Хризанта встала и направилась к шоссе. Вдали стоял экипаж с дремлющим кучером.

На небе показались облака.

Верхушки дерев отражали свист надвигающейся непогоды.

Хризанта весело вскочила в экипаж.

— Куда прикажете, принцесса? — произнес барон, стоя на подножке коляски.

— Домой. В «Гранд-Отеле» кормят довольно сносно, — защебетала скороговоркой Хризанта.

— Вы поедете через place de la Concorde, — повелительно сказал барон своему кучеру.

Тучи надвигались. Ветер начал крепнуть. Поднялся вихрь.

— Как темно, — с трепетом сказала Хризанта, бессознательно придвигаясь к барону.

— Принцесса, слышите вой дерев? Смотрите, весь лес стонет под напором надвигающейся бури, — сказал барон, указывая на темные тучи, заволокшие все небо.

На лице Хризанты выразилась тревога.

Лес не только стонал, он дрожал, потрясенный порывами урагана.

Крупные капли дождя колотили по верху коляски. В мгновение ока на бульваре де-Мадрид образовались огромные потоки.

Экипаж обмывало и захлестывало водой.

— Что это такое? наводнение? — испуганно спросила Хризанта.

— Нет, это у нас обычное явление весной — буря, — спокойно ответил барон.

— Это, вероятно, период дождей, спросила она, ведь ваши бури очень страшные?

— Вот Шато де-Мадрид, переждемте бурю, — сказал барон, едва коляска поравнялась с модным загородным ресторанчиком.

Хризанта в знак согласия слегка кивнула головой.

Экипаж остановился у громадного подъезда, из-под крыши которого выбежали услужливые лакеи.

— Кабинет, — вполголоса скомандовал барон, выразительно взглянув на метрдотеля, который с обворожительной улыбкой ждал гостей на площадке лестницы.

— Прошу сюда, — вежливо произнес последний и указал жестом руки на роскошную, убранную живыми цветами широкую лестницу.

Они поднялись во второй этаж. Там оказалась весьма комфортабельная большая комната, отделанная в стиле ампир.

К кабинету примыкал прекрасный балкон, весь убранный живыми цветами.

Аромат цветов врывался в кабинет, придавая атмосфере необычайную свежесть.

Метрдотель тактично ретировался, притворив за собою дверь.

Хризанта молча прошла в глубь кабинета.

— Наконец-то мы одни, дорогая принцесса! — снимая с нее болеро, воскликнул барон.

Хризанта смотрела куда-то вдаль и молчала.

Она, видимо, была не в духе.

Непогода, вой ветра, внезапная темнота на нее произвели неприятное впечатление.

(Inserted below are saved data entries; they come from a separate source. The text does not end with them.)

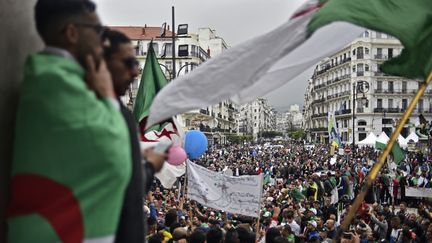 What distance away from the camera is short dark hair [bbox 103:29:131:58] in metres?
1.95

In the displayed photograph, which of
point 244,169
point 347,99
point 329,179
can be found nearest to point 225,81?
point 329,179

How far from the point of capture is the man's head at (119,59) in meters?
1.96

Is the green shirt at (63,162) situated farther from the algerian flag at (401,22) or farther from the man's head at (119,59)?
the algerian flag at (401,22)

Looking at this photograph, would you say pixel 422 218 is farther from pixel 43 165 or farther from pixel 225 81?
pixel 43 165

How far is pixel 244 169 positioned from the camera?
27172 millimetres

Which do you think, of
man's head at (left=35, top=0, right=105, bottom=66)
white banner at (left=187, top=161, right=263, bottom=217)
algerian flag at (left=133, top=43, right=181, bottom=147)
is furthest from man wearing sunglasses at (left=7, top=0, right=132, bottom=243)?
algerian flag at (left=133, top=43, right=181, bottom=147)

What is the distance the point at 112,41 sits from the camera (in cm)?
197

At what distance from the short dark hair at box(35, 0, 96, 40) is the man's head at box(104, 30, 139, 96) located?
19 cm

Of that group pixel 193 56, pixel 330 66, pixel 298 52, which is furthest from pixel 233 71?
pixel 330 66

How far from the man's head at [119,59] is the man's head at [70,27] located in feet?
0.54

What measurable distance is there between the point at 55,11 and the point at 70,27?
0.08 meters

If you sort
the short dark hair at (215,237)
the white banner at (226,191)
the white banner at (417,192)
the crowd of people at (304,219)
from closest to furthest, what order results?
the short dark hair at (215,237)
the crowd of people at (304,219)
the white banner at (226,191)
the white banner at (417,192)

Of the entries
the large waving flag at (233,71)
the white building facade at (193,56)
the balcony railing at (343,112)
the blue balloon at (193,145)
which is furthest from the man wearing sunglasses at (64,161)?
the balcony railing at (343,112)

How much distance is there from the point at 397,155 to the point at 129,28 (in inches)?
2270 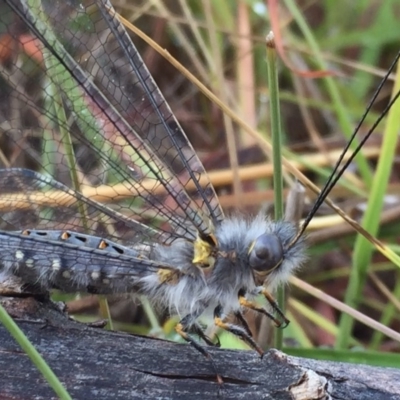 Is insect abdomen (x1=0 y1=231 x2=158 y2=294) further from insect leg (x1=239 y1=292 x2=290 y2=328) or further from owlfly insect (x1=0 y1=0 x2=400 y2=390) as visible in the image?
insect leg (x1=239 y1=292 x2=290 y2=328)

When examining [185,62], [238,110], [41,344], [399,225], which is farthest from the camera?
[185,62]

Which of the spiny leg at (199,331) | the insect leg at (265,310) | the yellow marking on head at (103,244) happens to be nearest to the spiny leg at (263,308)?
the insect leg at (265,310)

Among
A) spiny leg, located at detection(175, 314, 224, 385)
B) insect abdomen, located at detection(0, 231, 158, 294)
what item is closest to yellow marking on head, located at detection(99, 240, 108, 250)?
insect abdomen, located at detection(0, 231, 158, 294)

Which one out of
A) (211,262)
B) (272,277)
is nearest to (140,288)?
(211,262)

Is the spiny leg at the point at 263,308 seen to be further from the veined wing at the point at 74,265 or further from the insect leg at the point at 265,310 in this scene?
the veined wing at the point at 74,265

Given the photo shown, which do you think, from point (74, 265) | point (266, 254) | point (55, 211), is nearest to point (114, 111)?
point (55, 211)

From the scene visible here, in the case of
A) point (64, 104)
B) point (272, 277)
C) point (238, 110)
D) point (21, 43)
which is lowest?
point (272, 277)

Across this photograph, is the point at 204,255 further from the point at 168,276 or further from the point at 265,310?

— Барон, я не люблю грозы, у меня являются страшные воспоминания детства, связанные с такой непогодой. Не спрашивайте меня, я все равно вам ничего не скажу сейчас, — добавила она, видя недоумение барона.

— Лучше поторопите с завтраком, — переменив тон, сказала Хри-занта.

Барон позвонил.

— Карту кушаний и вин.

Вскоре был заказан легкий завтрак и бутылка Клико.

Хризанта стояла у открытого окна.

Перед нею расстилался большой красивый цветник.

Дождь хлестал, барабаня по крыш балкона. Брызги образовали водяную пыль и распространяли влагу на весь кабинет.

— Дорогая принцесса, — начал барон, — вы видите перед собою человека, уже много видавшего и пережившего не одну житейскую бурю. На мне такие непогоды, как сейчас, не оставляют даже и следа, зато я очень чувствителен к другим бурям, от которых волнуется кровь и сжимается моя грудь.

Барон задумчиво глядел на Хризанту, как бы вспоминая многие грустные и отрадные моменты своей богатой приключениями жизни.

Тем временем сервировали стол.

— Дайте вина… откупорьте сейчас же Клико, — приказал барон.

Лакей быстро исполнил желание гостя и с ловкостью, присущей парижским ресторанным слугам, наполнил бокалы.

Принцесса с аппетитом принялась за свой омлет со спаржей.

— Да здравствует сегодняшний день! — подняв бокал, произнесла Хризанта и громко чокнулась с бароном.

Хризанта ела и пила с большим аппетитом. Она видимо повеселела и это ее настроение невольно передалось барону.

— Я пила за сегодняшний день, — подчеркнула Хризанта. — Сказать, почему именно за сегодняшний?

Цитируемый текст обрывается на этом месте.